Expressivism holds that moral statements express attitudes, emotions, commitments, or imperatives rather than propositions about facts. 'Stealing is wrong' expresses disapproval of stealing, not a factual claim. This noncognitive view avoids the metaphysical burden of moral realism while explaining why moral language functions differently from descriptive language. It must account for how moral statements can be rationally debated, inferred from, and compositionally combined.
From your study of metaethics and moral realism vs. antirealism, you know that one of the central questions is whether moral statements are the kind of thing that can be true or false. Moral realists say yes — "Torture is wrong" is a factual claim, and it's true (or false) in some robust sense. Antirealists deny this in various ways. Expressivism and noncognitivism are the antirealist positions that focus specifically on the *nature of moral language*: they claim that when you say "Torture is wrong," you are not stating a fact at all. You are expressing a psychological state — an attitude, an emotion, a commitment.

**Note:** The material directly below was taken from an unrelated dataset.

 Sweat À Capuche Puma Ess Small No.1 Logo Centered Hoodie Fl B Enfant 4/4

The earliest and simplest noncognitivist view was emotivism, articulated by A.J. Ayer and C.L. Stevenson. On this view, "Torture is wrong" means something like "Torture — boo!" It expresses disapproval, the way a grimace or a cry of disgust would. The word "wrong" is not a predicate describing a property of torture; it is an expressive noise in grammatical clothing. This view has obvious appeal: it explains why moral disagreement is so persistent (we are expressing different attitudes, not discovering competing facts), and it avoids the metaphysical problem of explaining what moral facts would even be. But emotivism faces an immediate objection: moral statements don't just express emotions. They appear in arguments, they can be inferred from, they combine with factual premises. If "Murder is wrong" is just an expression of disgust, it can't serve as a premise in "Murder is wrong; this is murder; therefore this is wrong." Logical inference requires truth-apt premises.

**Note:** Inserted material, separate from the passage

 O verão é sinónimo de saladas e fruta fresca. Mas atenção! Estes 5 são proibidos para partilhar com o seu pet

This is the Frege-Geach problem, and it forced expressivists to develop more sophisticated theories. R.M. Hare's prescriptivism held that moral statements are universal imperatives — "Stealing is wrong" means "Do not steal, anyone!" — which has more logical structure than a mere exclamation. Simon Blackburn's quasi-realism tried to show that expressivism can earn the right to talk as if moral claims are true or false, even if in some deflationary sense. Allan Gibbard's norm expressivism held that moral statements express acceptance of norms for guiding action and emotion — a more complex mental state than a simple feeling, one that can participate in logical relationships.
The central tension in all expressivist views is that moral discourse behaves as if it is cognitive — we make inferences, argue about evidence, attribute knowledge and ignorance, call claims true — while the expressivist insists the underlying reality is not cognitive. The challenge is to explain this appearance without simply reverting to realism. The most sophisticated contemporary expressivists (like Gibbard and Blackburn) argue that the realist-seeming features of moral language are "earned" by the expressive function — we can legitimately call moral statements true, inferentially valid, and knowledge-apt within the practice of moral discourse, without needing moral facts in the metaphysically heavy sense. This is a subtle and contested position, but it represents the mature form of the expressivist tradition rather than Ayer's blunt "boo/hurrah."